(Try it) Transcribe the records verbatim, images excluded.

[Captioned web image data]
○ ○ ○ ○ ○ ○ ○

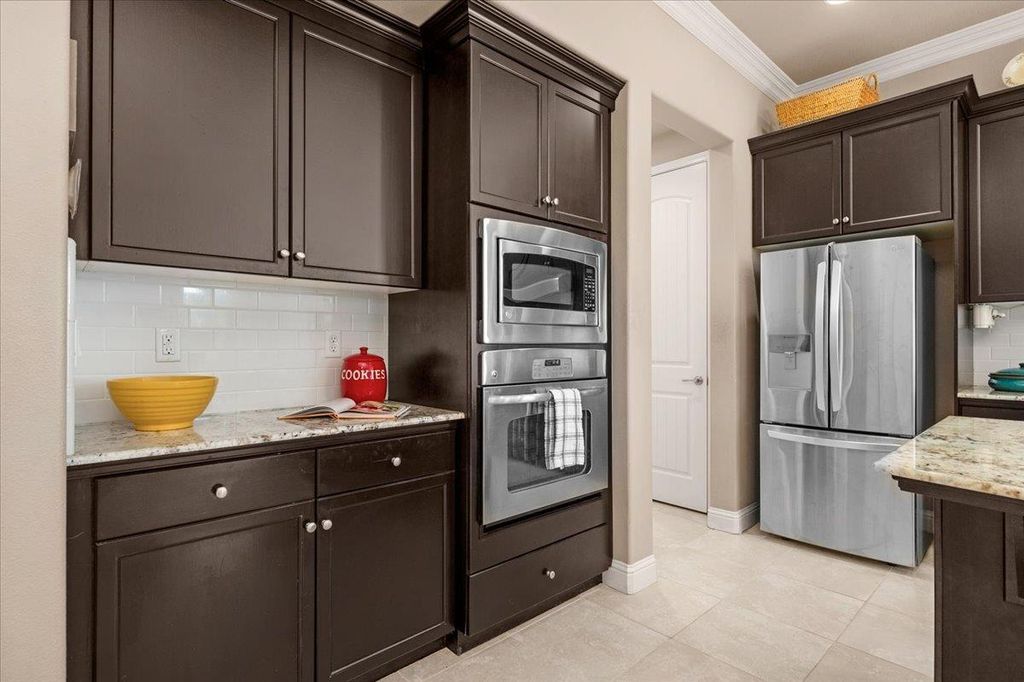 Image 12 of property listing at 5649 N Romeo Lane, Fresno, CA 93711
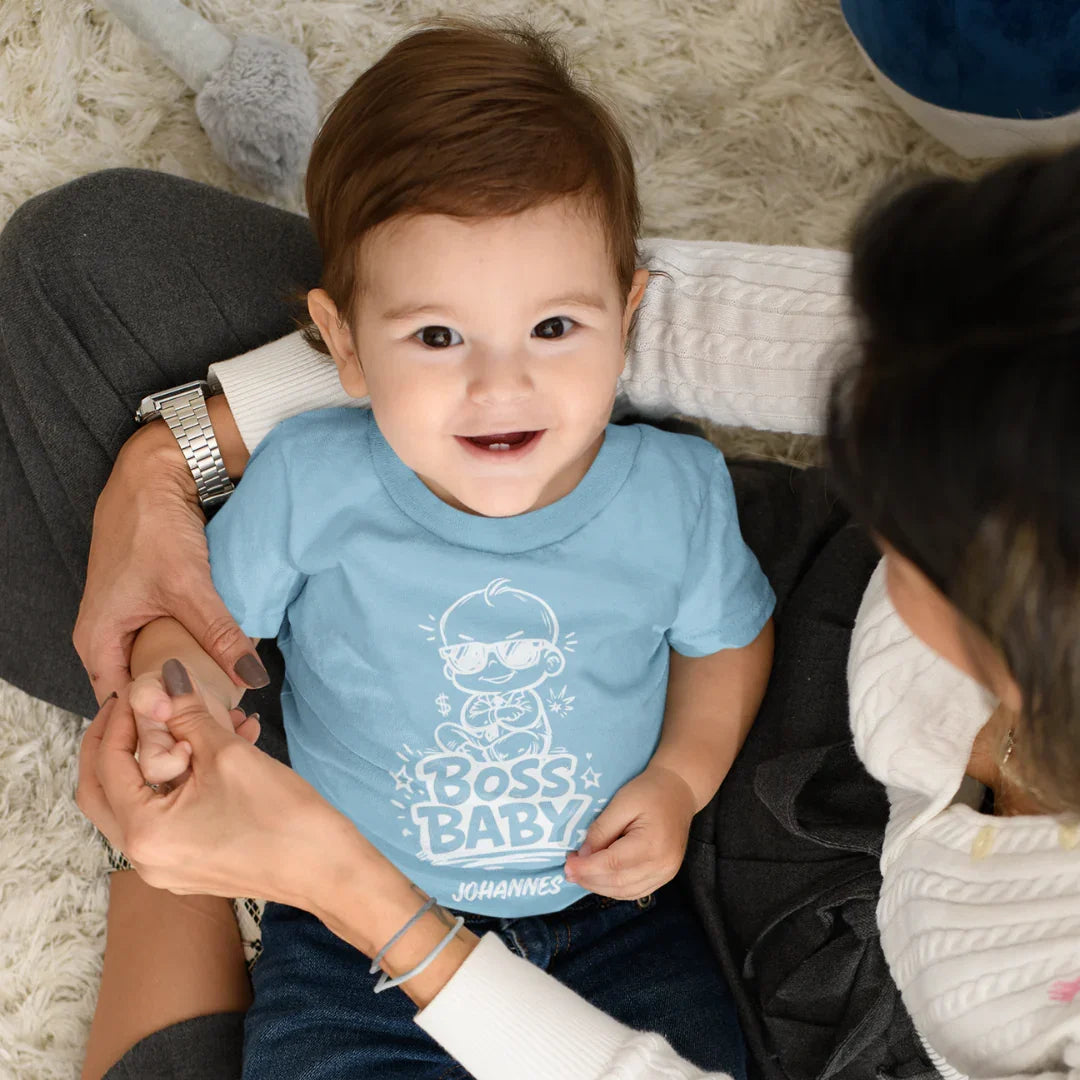 Boss Baby T-Shirt personalisiert für Kinder, UrbanWarriorStore, Baby lächelt auf Schoß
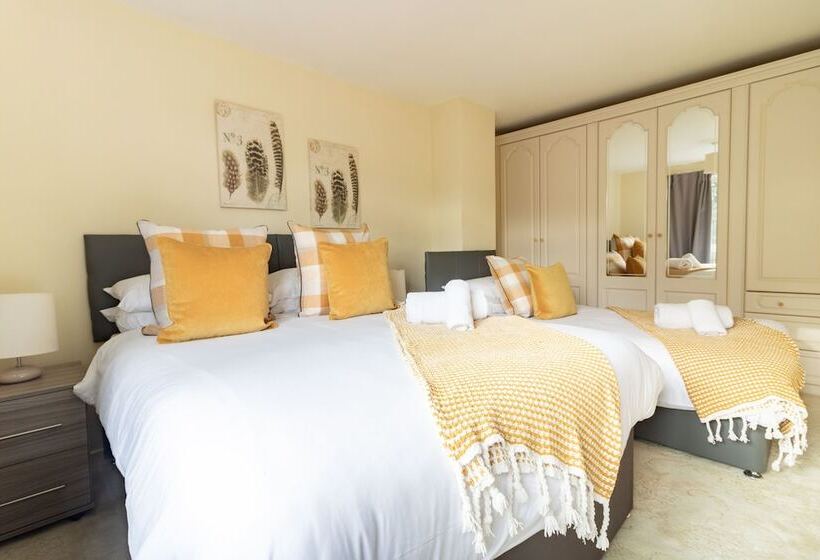 膳宿费 Rivermead Serviced Accommodation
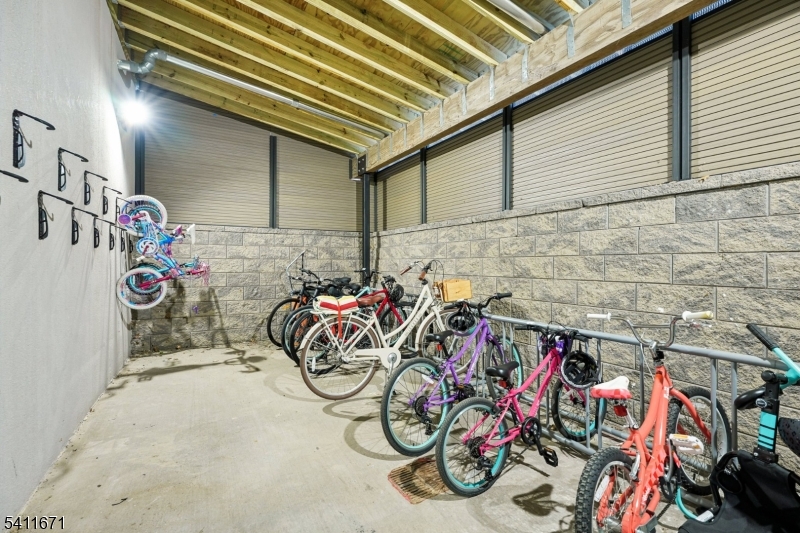 The Summit Estates - Residential Lease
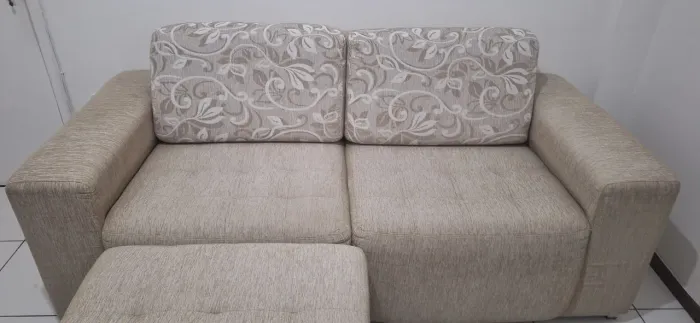 Sofá 03 lugares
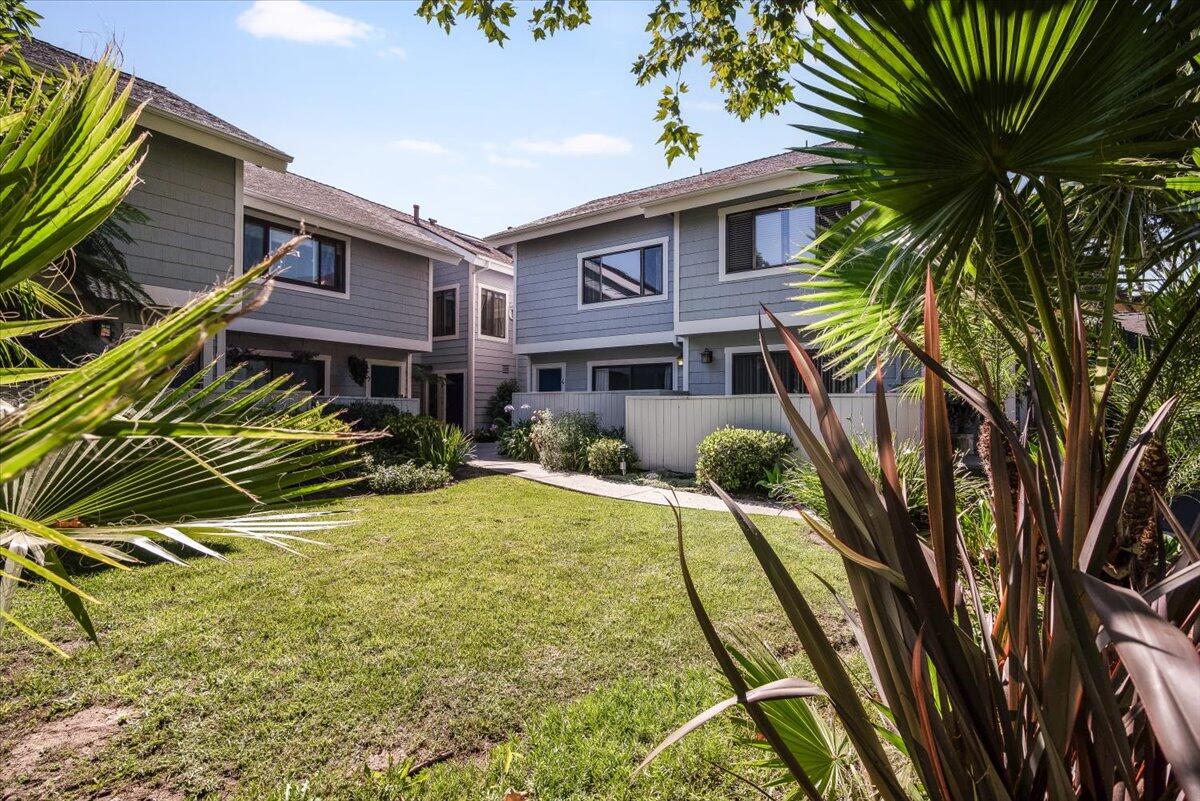 611 W Sola Street, 6
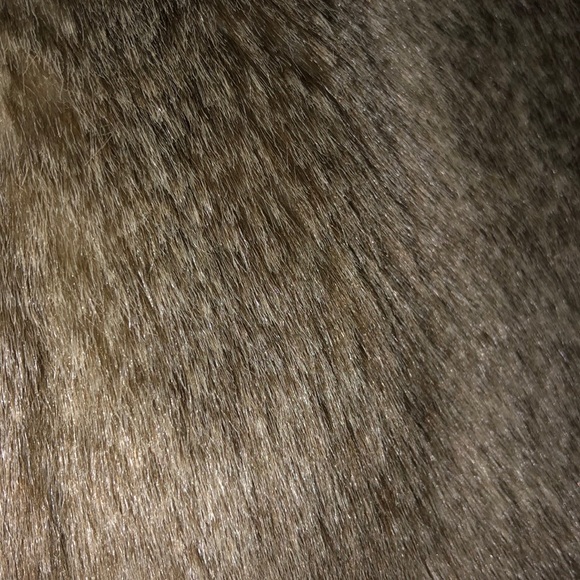 Women’s Anna Tyler Loft Faux Fur Full Zip Soft Vest Whit Haden Pockets - Picture 9 of 10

○ ○ ○ ○ ○ ○ ○

(Response to the exercise)
 Image 12 of property listing at 5649 N Romeo Lane, Fresno, CA 93711
 Boss Baby T-Shirt personalisiert für Kinder, UrbanWarriorStore, Baby lächelt auf Schoß
 膳宿费 Rivermead Serviced Accommodation
 The Summit Estates - Residential Lease
 Sofá 03 lugares
 611 W Sola Street, 6
 Women’s Anna Tyler Loft Faux Fur Full Zip Soft Vest Whit Haden Pockets - Picture 9 of 10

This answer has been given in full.